Vous allez disputer vos premiers Jeux Olympiques. Que ressentez-vous à cette idée ? C’est de la folie ! En tout cas, ça fera très bien sur mon CV ! Pour une athlète, c’est évidemment un moment fort. Je suis impatiente d’y être. Je suis là pour gagner des titres et des tournois, et jouer dans des stades pleins. J’espère que nous ferons honneur à nos couleurs. Quels souvenirs gardez-vous des Jeux Olympiques que vous avez suivis à la télévision quand vous étiez plus jeune ? Quand j’étais plus jeune, j’étais tout le temps dehors, en train de jouer au football ! Si j’étais chez moi, c’était souvent pour regarder du sport à la télévision, généralement du football. J’aime bien le sprint. C’est une discipline un peu folle, surtout quand on pense au temps que ces athlètes passent à s’entraîner. Je ne sais pas comment ils font ! Vous avez grandi à Valkenswaard, une petite ville néerlandaise. Quels souvenirs en gardez-vous ? C’était une époque merveilleuse. J’adorais ma vie là-bas, d’autant que tout le monde était très gentil avec moi. Je partageais mon temps entre deux équipes. Dans la première, j’étais la plus âgée et la capitaine. Dans la deuxième, j’étais la plus jeune et je me comportais comme une petite peste. Pourtant, mes partenaires m’ont toujours très bien traitée. Ils m’ont soutenue et ils ont cru en moi, peut-être parce que j’étais la seule fille de l’équipe.

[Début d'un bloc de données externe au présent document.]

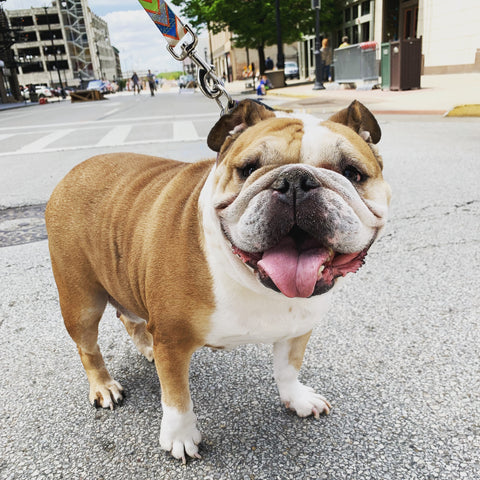 Lula the bulldog on the street in downtown Springfield Illinois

Parfois, nos adversaires lâchaient des commentaires méprisants, mais les garçons de mon équipe répondaient toujours : "Attendez de vois ce qu’elle sait faire..." Au coup de sifflet final, l’ambiance n’était plus du tout la même. On me disait : "En fait, tu es vraiment très forte. C’était un plaisir de jouer contre toi". C’était agréable. Je savais que j’avais gagné leur respect et, pour moi, c’était le plus important.